If $R$ is a relation on $A$, we know that the relation $$T=R\cup R\circ R\cup R\circ R\circ R\cup\cdots$$ is know as the transitive closure of a relation and it is the smallest transitive relation containing $R$. It is almost trivial to prove that it is the smallest transitive relation containing $R$. But further it says that if $\vert A\vert =n$, then the transitive closure of $R$ is $$T=R\cup R\circ R\cup R\circ R\circ R\cup\cdots\cup (R\circ R\circ \cdots \circ R)$$ where the last composition is $n-1$ times. Now, I am finding it difficult to prove that this relation is transitive.

Please help

Answer 1

It suffices to prove that $R^{(n)}$ is contained in $\bigcup_{0 \leqslant i \leqslant n-1}R^{(i)}$.
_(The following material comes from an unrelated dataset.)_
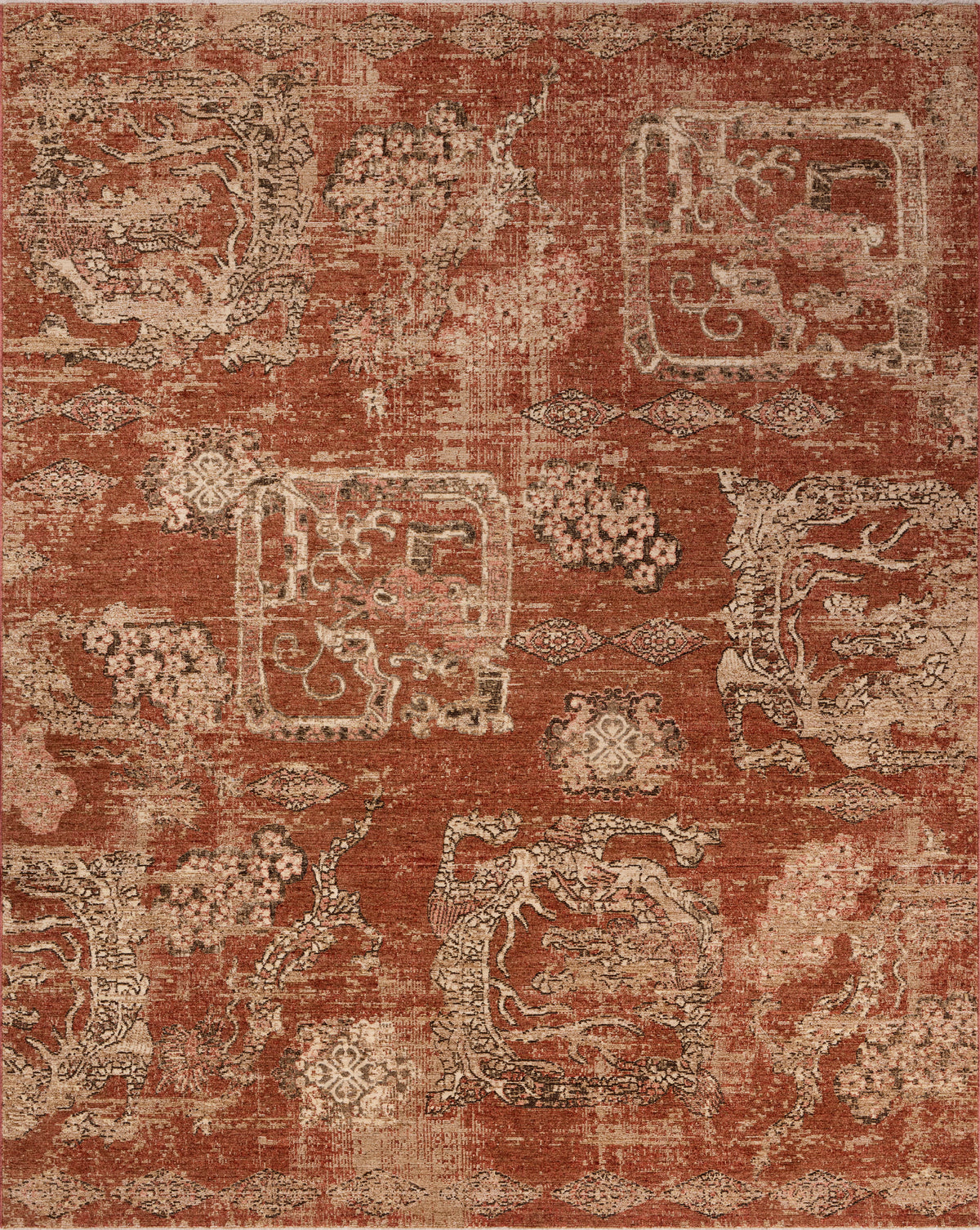 Winchester Brick / Beige — a Loloi rug at Laurie Yapp Home.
Proof. Suppose that $x \mathrel{R^{(n)}} y$. Then there is a chain $x= x_0 \mathrel{R} x_1 \mathrel{R} x_2\ \dotsm \ \mathrel{R} x_n = y$. Since $|A| = n$, two of the $x_i$'s are equal and hence the chain can be shortened.

Answer 2

Given any relation $R$ on $A$, the transitive closure may as well be described as the set $T$ consisting of all pairs $(a,b)\in A\times A$ such that there exists a finite sequence of elements $$ a=a_0, a_1, a_2, \dots, a_{k-1}, a_k = b \in A $$ with $$ (a_0,a_1), (a_1,a_2), (a_2,a_3), \dots, (a_{k-1}, a_k) \in R. $$ Note that when such a sequence exists for a given pair $(a,b)$, it follows that there also exists such a sequence without repetitions, since you can just remove the subsequence between the repeating elements.

Hence, you may describe the transitive closure $T$ as the set of all pairs $(a,b)$ such that there exists a non-repeating sequence in $A$ with the above property.

Now if $|A|=n$, the maximal length of a non-repeating sequence in $A$ is $n$ and hence for the transitive closure it is enough to include only up to $(n-1)$-fold compositions of elements in $R$.